How to be a Responsible Adult… Gamer
I love gaming. Getting immersed into a far off location, solving problems, solving puzzles and being super strong and powerful are some of my favorite ways to spend my free time. The problem is I don’t have much free time anymore. I recently read a quote on Reddit stating; “The problems of being a child: not having the money to buy all the games you want to play. Problems of being an adult: not having the time to play the games you buy.” I currently own Civilization VI, Cities Skylines, Stardew Vally, Wicher III, Tomb Raider, Dragon Age, Elderscrolls V, Don’t Starve, Forbidden Island, Outbreak, Organ Attack, Wizard School and many others that I have not gotten to play more than a few hours of. I certainly have the problems of an adult.
It bothers me that I have all of these great and amazing games, yet have not even gotten to give them a proper try. I also know that gaming can be good for me (see Jane McGonigal’s TED talk for more information about that!). Here is the thing though, I have kids, young ones. The games I have create this wonderful fun immersive world that is captured for all time on the gaming systems, my kids are not. The time I have with them being young is very finite, so if I have a choice between finally finishing the tutorial level of Wicher III or going outside to play with my kids, my kids win. Wicher III will still be there in a few years when my kids are at school.
I feel compelled to mention here that my issue is that I do not give myself enough time for fun to include gaming.
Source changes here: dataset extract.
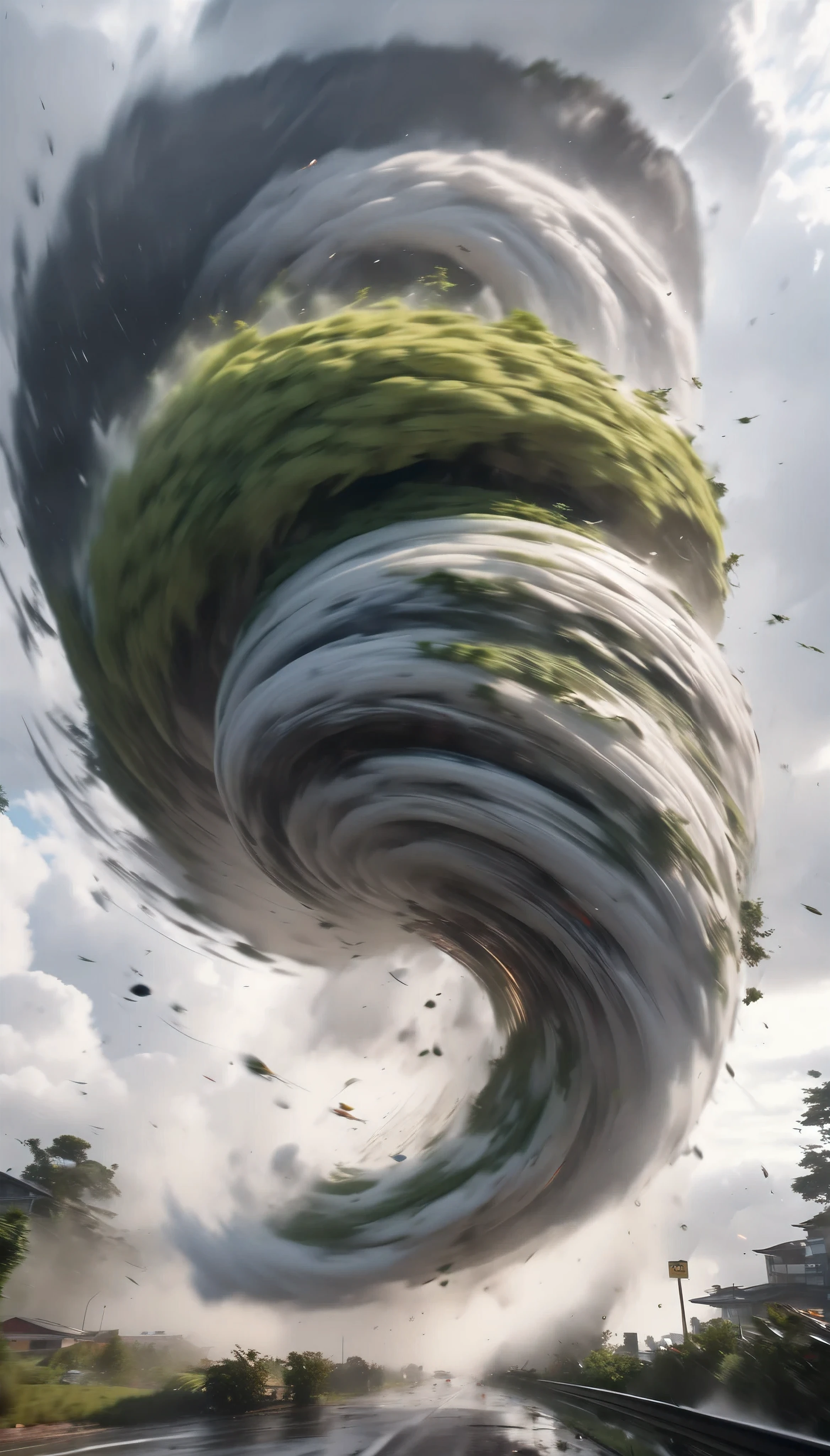 thunderstorm ,  acceleration to tornado , Heavy Rain, Strong winds, The object being sucked in,  tremendous rotation ,  Dynamic Blur , Multiple Exposure,  transparent rendering,  BREAK conveys to you an image of a tornado , Detailed and accurate production ,  It involves all the hatred and abomination of this world,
Gaming addiction is real and can be a destructive force in someone’s life. Video game addiction can be a factor in failure to launch and one out of eight gamers demonstrate addictive behaviors. Gaming, like most things, in moderation is great. For your average adult getting about an hour to two a day is fine as long as it does not negatively impact your life. The reverse, of not giving yourself enough time for fun, is also problematic and more of what I am speaking about here.
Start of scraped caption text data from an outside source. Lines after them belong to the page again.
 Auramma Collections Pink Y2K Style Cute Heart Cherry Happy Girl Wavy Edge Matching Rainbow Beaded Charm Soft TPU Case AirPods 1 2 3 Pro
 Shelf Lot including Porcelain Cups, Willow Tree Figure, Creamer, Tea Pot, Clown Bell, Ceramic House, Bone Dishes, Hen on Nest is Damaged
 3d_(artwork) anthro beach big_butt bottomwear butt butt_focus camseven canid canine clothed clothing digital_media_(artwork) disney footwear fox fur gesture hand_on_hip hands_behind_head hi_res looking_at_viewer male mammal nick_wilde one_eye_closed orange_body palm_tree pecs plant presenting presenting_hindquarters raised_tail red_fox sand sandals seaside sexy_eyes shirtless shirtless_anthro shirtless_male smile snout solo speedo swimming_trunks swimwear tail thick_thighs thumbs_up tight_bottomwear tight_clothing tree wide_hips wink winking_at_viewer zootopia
How though do I achieve the balance between being a grownup and still being true to my gamer side? The solution I have come up with is two fold, mobile games and scheduled games. I love simple mobile games that I can pick up and play for five minuets enjoy and then not need to pick up again for months. These quick bite sized puzzles help engage my video game side enough between the few times I can get onto my PC to game. My current game of choice is Magic the Gathering Puzzle Quest. It is free and I have enjoyed it, even if I am still struggling to understand what the overloaded gems do and what on earth investigate does.
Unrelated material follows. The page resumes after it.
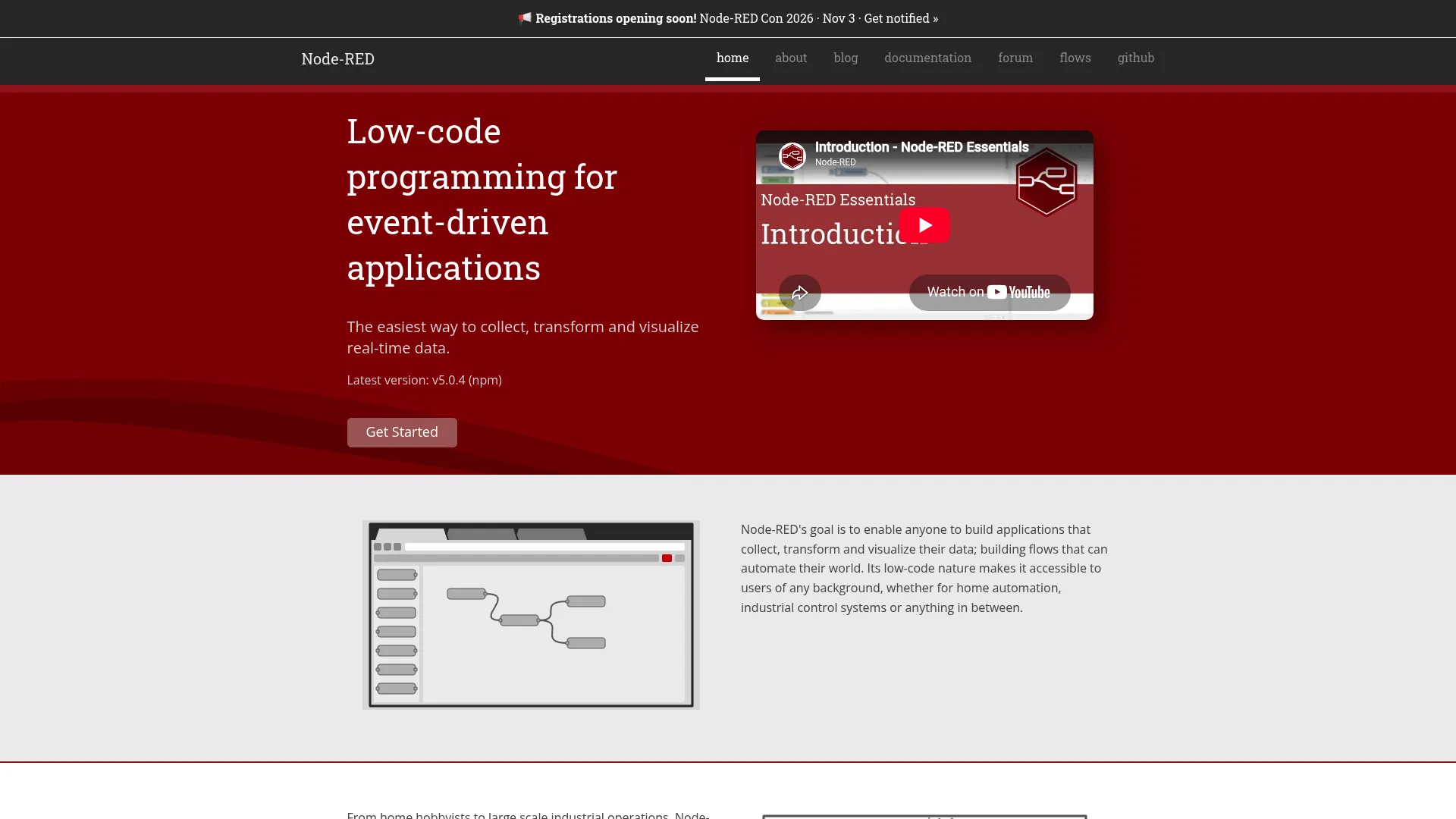 Node-RED visual flow editor for automation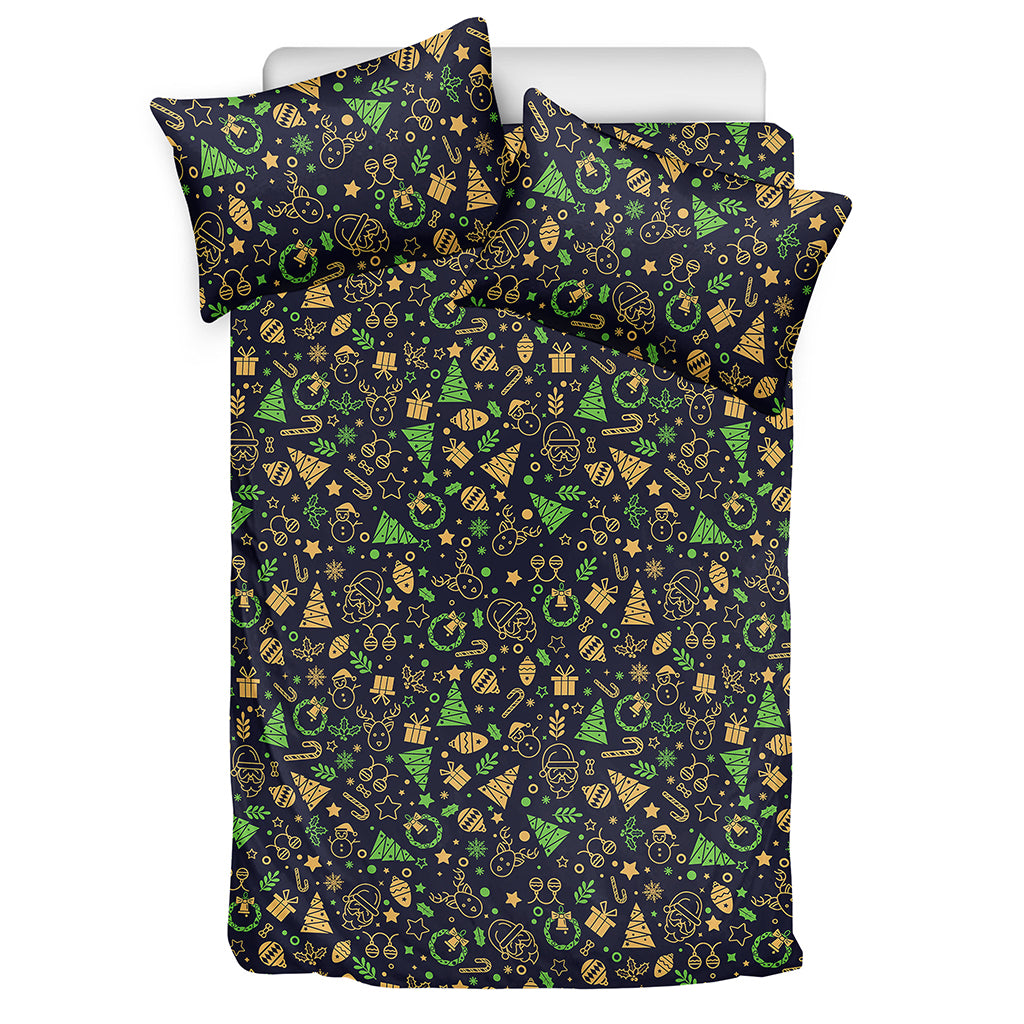 Christmas Party Elements Pattern Print Duvet Cover Bedding Set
As per scheduling games I play a weekly game of Dungeons and Dragons (D&D) through the web-sight roll20.net. This game has fed my gamer side more than anything else as it is a fun and immersive game that is social and has time restrictions on it. As we play online I don’t need to get a babysitter, I just have to ensure my kids are in bed by game time. Every week I sit down with a group of friends as we talk, joke solve puzzles and enjoy trying to be heroes.
Self-care, giving time to ourselves to recharge and enjoy life, is extraordinarily important. It is far too easy to say we will do things tomorrow, rather than taking the time to enjoy them now. Having a set time every week where I play games not only feeds my gaming needs it allows me to spend time with friends.
Being a gamer is important to me. I don’t spend the time I want with all the games I want. Perhaps that is part of what makes them special when I do get to play. For now, I will enjoy my weekly delves into high fantasy and my five minute quick battles with Magic cards. Soon though I will journey back to Skyrim, start my farm in the valley and try like hell not to starve while some odd dog looking things hunt me in the night.